Customers doodling on paper tablecloths in the booth (encouraged by Yu and his team) and hefting the speakers complimented the designs and marveled at how thin and light the units were, saying they hadn’t ever seen a product like the Musicanvas speaker.
In just a year, Musicanvas has developed a small, but growing audience on Taobao, Yu said, as he proudly showed off the original white-colored version, along with the latest one, which he refers to as the “fourth version.” Also in the booth was a special, red-colored model created just for the Taobao Maker Fair.
Yu downplays the difficulty in creating the innovative product, saying he’s neither a designer nor an electrical engineer. He is, however, a good juggler, a strong organizer and supply-chain manager, with the speaker’s electronic innards produced in Shenzhen and the paper-and-cardboard interior frame and external shell made in Wenzhou. And he has crowd-sourced the exterior designs of the brightly colored speakers to friends, art students and others who have a creative eye or design ideas, regardless of where they are located.
“It’s wide open. Anyone can design for me,” Yu said.
At the top sits Yu, who has to ensure the assembly lines and presses keep rolling and that quality is up to snuff. He said the products he sells on Taobao are high-quality, but notes there’s work to be done in the quality-assurance area. He rejects about 20 out of every 100 speakers produced and expects that number to come down sharply in the near future, as factories gain experience and cleave to the high standards Musicanvas demands.
“I have to guard and watch over the whole process,” Yu said. It’s a process that he expects to tighten up and rationalize as the company grows. “In the future, we can make a better structure.”
Growth is coming easier to him because of the customer data he gets from Taobao. It has armed Musicanvas with some interesting and highly scientific and actionable information.
“So, 75 percent of our customers are women. They’re mostly from Chengdu, Hangzhou and Nanjing,” he said. “When we know that, we can send advertisements to certain places.”

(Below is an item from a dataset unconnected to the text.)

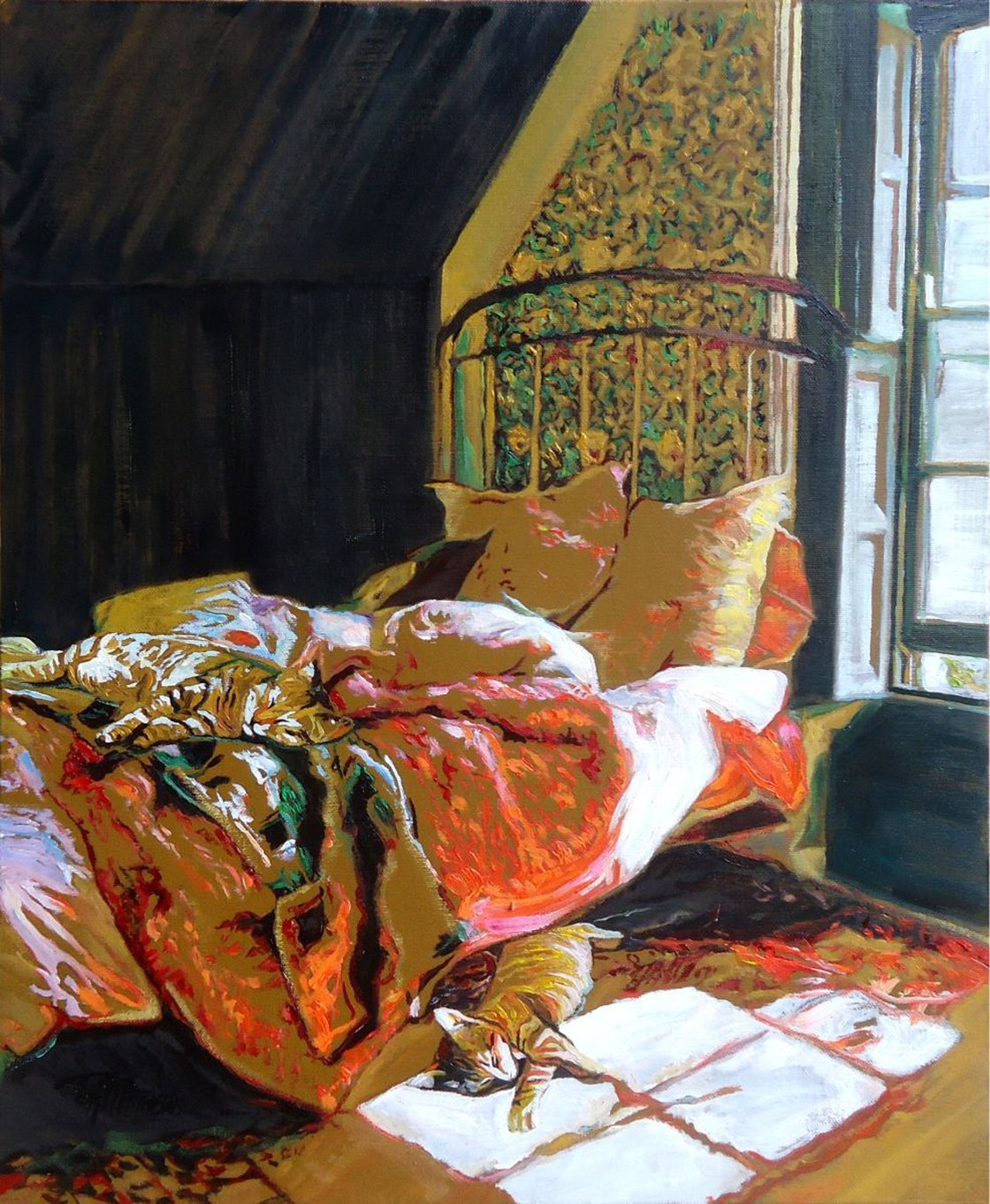 the painting depicts a cozy bedroom scene. a cat is curled up asleep on a newspaper on the floor, bathed in warm sunlight streaming in from a window. the bed is unmade with rumpled bedclothes, suggesting someone has recently been sleeping there. the walls are a dark color, contrasting with the bright light from the window. the overall atmosphere is one of peace and tranquility.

Musicanvas sells a smaller bluetooth speaker model for RMB 299 and a larger one for RMB 500. And innovations continue, with Yu showing a soon-to-come — and sturdier — internal particle-board housing for the speaker’s electronics that can be covered with a custom exterior designed or even assembled by consumers, themselves.

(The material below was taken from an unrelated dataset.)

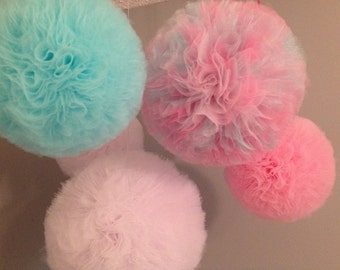 12" Large Tulle pom poms set of 10 Party Decoration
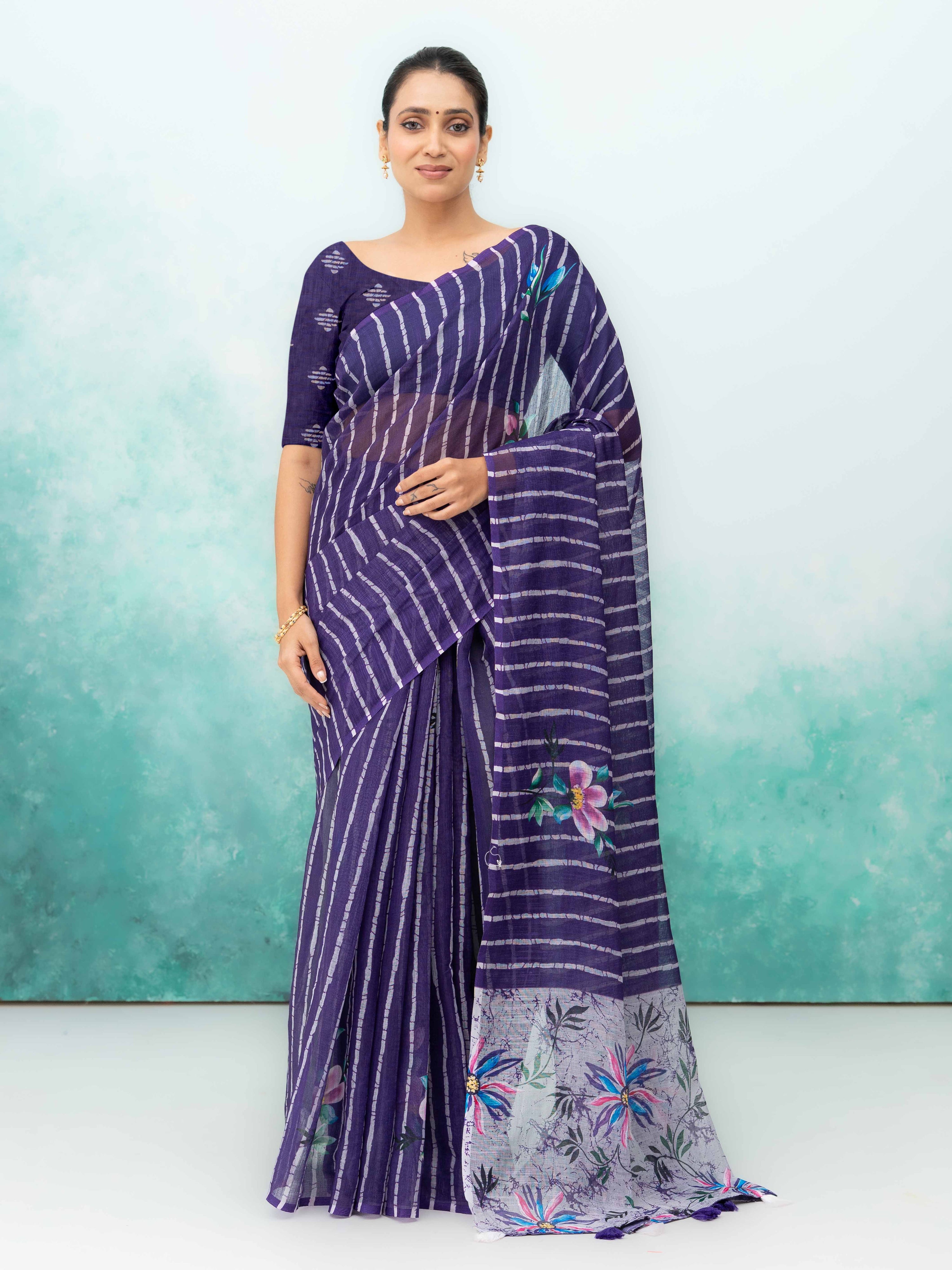 Navy Blue Cotton Linen Saree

Musicanvas is still a sidelight for Yu, but he has a vision of the company growing to a size where it becomes his fulltime job. That may not be long coming. Yu said initial success on Taobao has led to companies placing orders for several thousand white-labeled units as promotional items or gifts for employees.
His goal, he said, is to create an ecosystem in which designers use their imagination to make exterior designs for Musicanvas speakers and share in the company’s success.
“We want more and more people coming and bringing their own creativity and thoughts,” Yu said. “We are collaborating with designers. We want for them to join with us to design and manufacture. We want to share profit with designers.”